Michael Eaton: "On the very week of the Dickens bicentenary in February 2012 Bryony Dixon, Curator of Silent Film at the BFI, made an intuitive leap to connect a film in the BFI National Archive labelled “Man Meets a Ragged Boy” with “The Death of Poor Joe”, a production never previously considered as Dickensian but which was a title listed in a 1901 catalogue of films for the Biokam, “a combined camera/projector for the amateur market using 17.5mm film issued for sale by the Warwick Trading Company”. Dixon writes: “The film, filmed outdoors, is set against a backdrop depicting the long wall and iron gates of a churchyard. A night watchman passes, shining his lamp in the snow. Poor Jo (spelled ‘Joe’ in the catalogue title) the crossing sweeper walks along with his broom.” She instantly recognized the Watchman as Tom Green and the Poor Boy as Laura Bayley, wife of the Brighton pioneer G.A. Smith and “a notable pantomime performer” on the Brighton stage. Tom Green was also a regular in Smith’s films. “There are similarities to the death of Jo in Bleak House (with) the churchyard setting where Jo has collapsed,” though this film “conflates the Dickens story other stories such as Hans Andersen’s The Little Match Girl, who freezes in the snow but is comforted by visions of light and warmth.”"

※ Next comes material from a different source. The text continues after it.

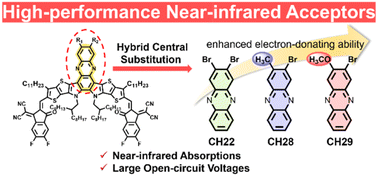 Graphical abstract: Hybrid central substitution of acceptors boosts the efficiency of near-infrared organic photovoltaics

"So can this significant discovery really be claimed as the earliest Dickens film? Yes and No. Clearly, it doesn’t exactly recreate a scenene from Bleak House. But it does replicate the iconography of “Jo  the Crossing Sweeper”, already established on the stage by the “burlesque boy” Jennie Lee in the adaptation by her husband J.P. Burnett, entitled simply “Jo” and first performed in February 1876. Her depiction with cropped hair, dressed in rags, and, of course, carrying the broom, was praised by Charles Dickens Junior as “thoroughly admirable and genuinely pathetic”. Most subsequent  theatrical versions of one of Dickens’s greatest works exploited Miss Lee’s success, with titles such as “Move On, or Jo the Outcast”, “Poor Little Jo”, “Jo the Waif, or The Mystery of Chesney Wold”. And Jennie Lee revived her celebrated performance in May 1896, shortly before Smith’s film was made." – MICHAEL EATON

AA: A brief sketch reminiscent of Jo the crossing sweeper in Charles Dickens's Bleak House. Discovering the ragged boy collapsed in the snow, caught in the spotlight of the night watchman's lamp, the boy dying upon discovery. Cardboard sets, primitive performances, a long take. 

MR. PICKWICK’S CHRISTMAS AT WARDLE’S (R.W. Paul, GB 1901). D: R.W. Paul; 35 mm, 140 ft., 2'20" (16 fps); print source: Filmoteca Española, Madrid. No intertitles.

Michael Eaton: "In 1899 R.W. Paul made two 100-foot films from Dickensian scenenes, Mister Bumble the Beadle and Mister Pickwick’s Christmas at Wardle’s, both of which were thought to be lost. However, an almost-complete print of the latter has been found in Madrid and will receive its public premiere at Pordenone. This is a really significant discovery for the filmography of Paul as well as for Dickensian cinema. This scenene from The Posthumous Papers of the Pickwick Club derives from the first extended treatment the young Dickens wrote of the yuletide season, with which he will forever be associated." – MICHAEL EATON

AA: This sketch based on The Pickwick Papers is actually a funny dance movie. When the distinguished guests arrive the dance music on the piano is started, and everybody joins in the dance. A long shot, a long take, a duped look.